There have always been loud voices in the press egging on this violence. At the end of the nineteenth century and the beginning of the twentieth, newspapers run by William Randolph Hearst were notorious for their incendiary content. In 1900, Hearst columnist Ambrose Bierce wrote a poem hoping that the bullet that killed Kentucky Governor William Goebel would also murder President William McKinley: “The bullet that pierced Goebel’s breast / Can not be found in all the West; / Good reason, it is speeding here / To stretch McKinley on his bier.” McKinley was assassinated the following year, leading another Hearst writer, Arthur Brisbane, to write in an unsigned editorial, “If bad institutions and bad men can be got rid of only by killing, then the killing must be done.” This appeared not in some small-town rag, but The New York Journal, one of the most popular newspapers in America at that time.

Westbrook Pegler was one of the most popular conservative pundits of mid-twentieth century America—the Rush Limbaugh of his time. In 1933, he wrote a column regretting that an assassination attempt against President Franklin Roosevelt “hit the wrong man” and killed the mayor of Chicago instead. In 1950, Pegler argued that “the only sensible and courageous way to deal with Communists in our midst is to make membership in Communist organizations or covert subsidies a capital offence and shoot or otherwise put to death all persons convicted as such.” This would have resulted in a political purge killing tends of thousands of Americans. In 1965, when Pegler was admittedly in sharp decline and had lost much of his popularity, he wrote that he hoped “some white patriot of the Southern tier will spatter [Robert Kennedy’s] spoonful of brains in public premises before the snow flies.”

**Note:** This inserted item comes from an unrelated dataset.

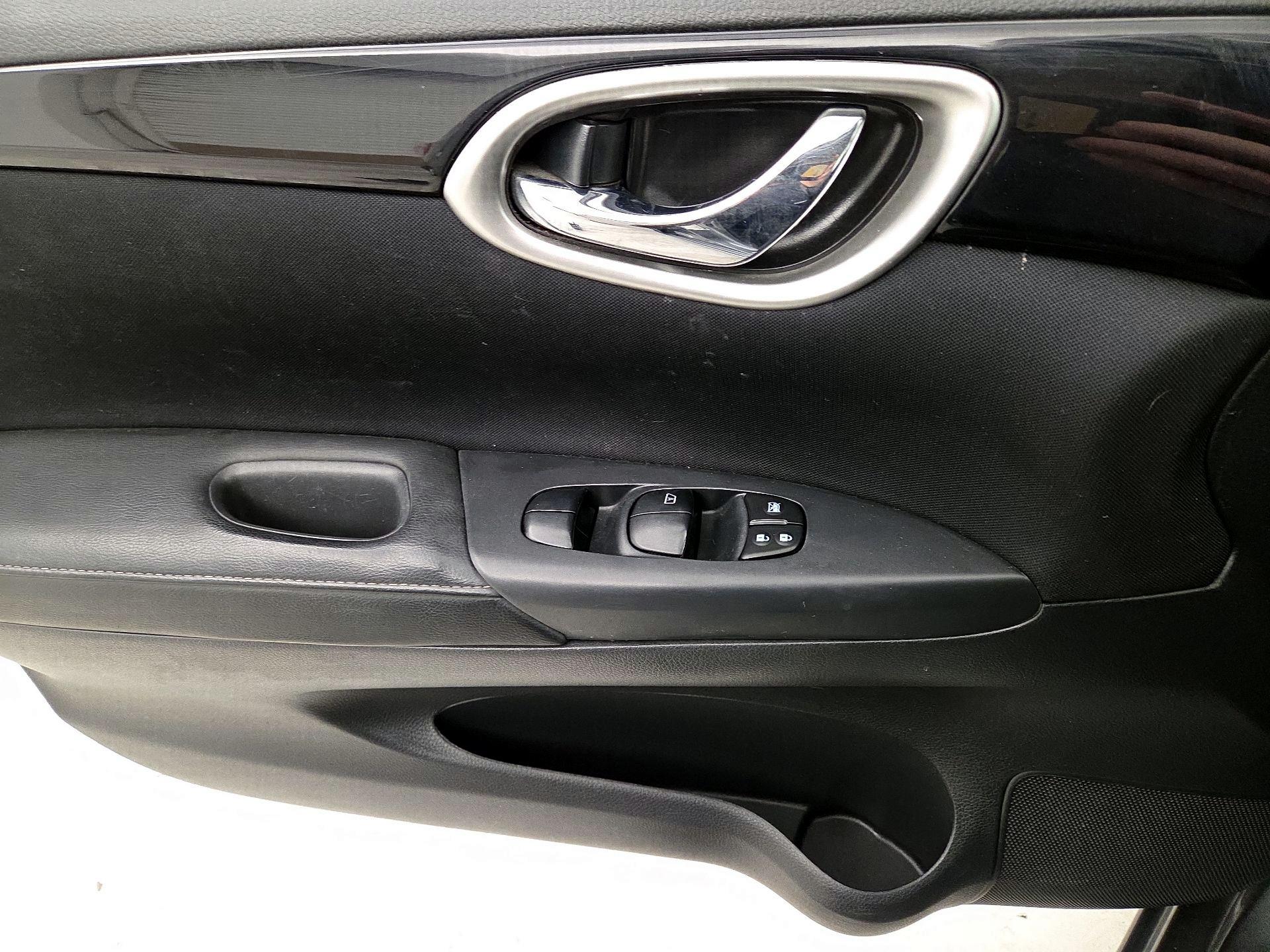 Thumbnail: 2016 Nissan Sentra - 12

The words of Bierce, Brisbane and Pegler should cure us of the illusion that American political discourse was ever more polite and less violent than it is now. Similarly, recalling the political violence woven throughout the fabric of American history should serve as an antidote to any misguided nostalgia for a supposedly more idyllic past. If America is polarized and violent now, it’s because it has long been that way. The divisions of the present are part of the nation’s patrimony.